Tuesday, August 9, 2011

Fender Esquire

I caught the guitar bug when I was 13 years old. These were the years of the British Invasion. I owned an old Stratocaster (which I wish I still had), so I was very keen on Fender instruments.

At the time practically all Fender guitars came with a bridge cover. Many players thought this was a cool feature and kept it on the instrument. The bridge cover in fact served a purpose. It helped in shielding the pickup from electrical interference, as well as providing a palm rest for the player.

In my naivete, I thought the Telecaster only had one pickup, since the metal bridge cover was in place. I was totally amazed when I saw the album cover of a long forgotten British group, in which the guitarist was holding a Telecaster-shaped instrument with no visible pickups!


It was not long after this one of my friends purchased a Telecaster and I discovered the hidden neck pickup. Shortly after that I received a 1965 Fender catalogue with pictures of the Fender Esquire.

The Esquire has the distinction of being the first guitar sold by Fender. It was introduced in 1950.

Remember, at the time, Fender’s market was steel guitars. So the Esquire utilized a similar set up to that of a steel instrument, which had only one pickup placed near the bridge and a tone and volume control.


Leo Fender transposed this to the electric Spanish guitar (which differentiated it from a guitar played with a steel bar.)

We have all seen pictures of Leo’s prototype guitar, which he created in 1949. The bodies shape was similar to the slab style of the Esquire/Telecaster, with its single cutaway, which allowed the player access to the upper frets.

The neck was dissimilar in that it had a 3 on a side headstock. Like the models to come, it was attached to the body by four wood screws.

The maple neck on the prototype and on 1950 Esquires did not have a truss rod. Nor did it have a fretboard. The frets were attached directly to the top side of the maple neck. The neck was wider on the prototype than on the production model. The bridge had the same 3 saddles that are still featured on vintage models.

The single pickup was slanted to enhance the bass and treble strings. The pickup was not covered and featured six pole pieces. The prototype lacked a selector switch and the wiring pattern of the Esquire. It was mounted at an angle. The pick guard only covered the bottom portion of the guitars. The prototypes body was made of pine.

Leo Fender redesigned the guitar to include the trademark six-on-a-side headstock. He reshaped the neck so it was narrower at the nut. He also ran the strings through the body to rivets on the back that served as string stops. This gave the guitar more resonance.

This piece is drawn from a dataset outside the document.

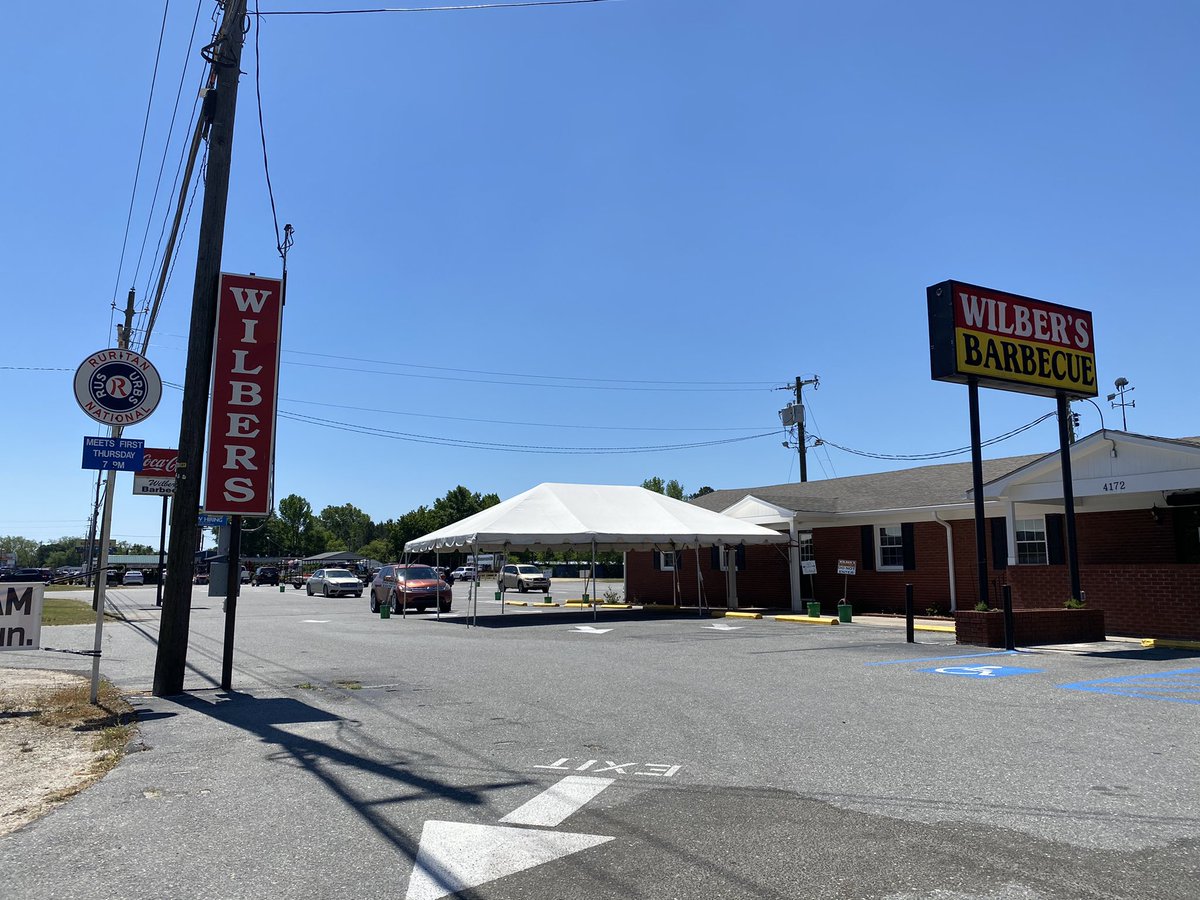 Enjoying a damn fine chopped pork sandwich at Wilber’s BBQ in Goldsboro. They have an efficient drive-thru set up, so I’m enjoying this while my ever-patient wife drives. Now serving baby backs on Saturday. – bei  Wilber's Barbecue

Country bands usually consisted of an acoustic player and a steel player, a drummer, a fiddler, an electric guitar player, maybe a banjo player and possibly a string bass player. Leo’s concern was about the electric player. How could he add some versatility to the guitars sound? What if there was no bass player? Could the electric player cover the bass lines?

To solve this, he added a unique three position tone circuit. The third position was the pickup wired directly to the 250k volume potentiometer, but not the tone control. This gave the guitar an added boost and a bright sound. Eddie Van Halen did the same thing to give his home-made guitar a hotter sound.

The middle position was the pickup wired to the volume and 250 tone potentiometer with a .05uF capacitor running between the tone and volume pots to ground.

The first position included a .05uF capacitor wired to a 3.3k resistor which was wired to yet another .05uF capacitor that is wired to ground. This position yielded a fixed bass tone. Fender thought this would allow the guitarist to cover bass lines.

The original Esquire was slightly shallower than the prototype and had a solid ash body. The body had a butterscotch colour and the scratch plate was solid black. The control plate was mounted parallel to the bridge plate.

The next logical step was a two pickup Esquire, which Fender called a Broadcaster. Unfortunately, the Gretsch Company manufactured a drum set called The Broadcaster and requested that Fender not use the name.

"Telecaster" guitars from this period did not have a model name on the headstock. These have come to be known as Nocasters.


Fender briefly discontinued promoting The Esquire during this period. However it was reintroduced in 1951 and this time it came with a truss rod. The Esquire and The Telecaster now utilized the same bodies. Both were routed out for two pickups.

The Esquire with its one pickup sold for a slightly lower price. A guitarist could easily convert an Esquire to a Telecaster with the purchase of an additional pickup and a Telecaster scratch plate. Many guitars modified their Esquires.

The Esquire remained in the Fender line up until 1969, when it was discontinued due to lack of sales.

During the transition years of the mid 1980’s, when Fender guitars were all produced in Japan, a Japanese Fender Esquire model was produced based on the 1954 specs.

Several years ago, Fender offered a Squier Avril Lavigne model, with only one bridge pickup. I suppose this could be construed as an Esquire.

The Esquire is once again being offered in Fenders current line up. I played the new model last week and guarantee it is a beaut!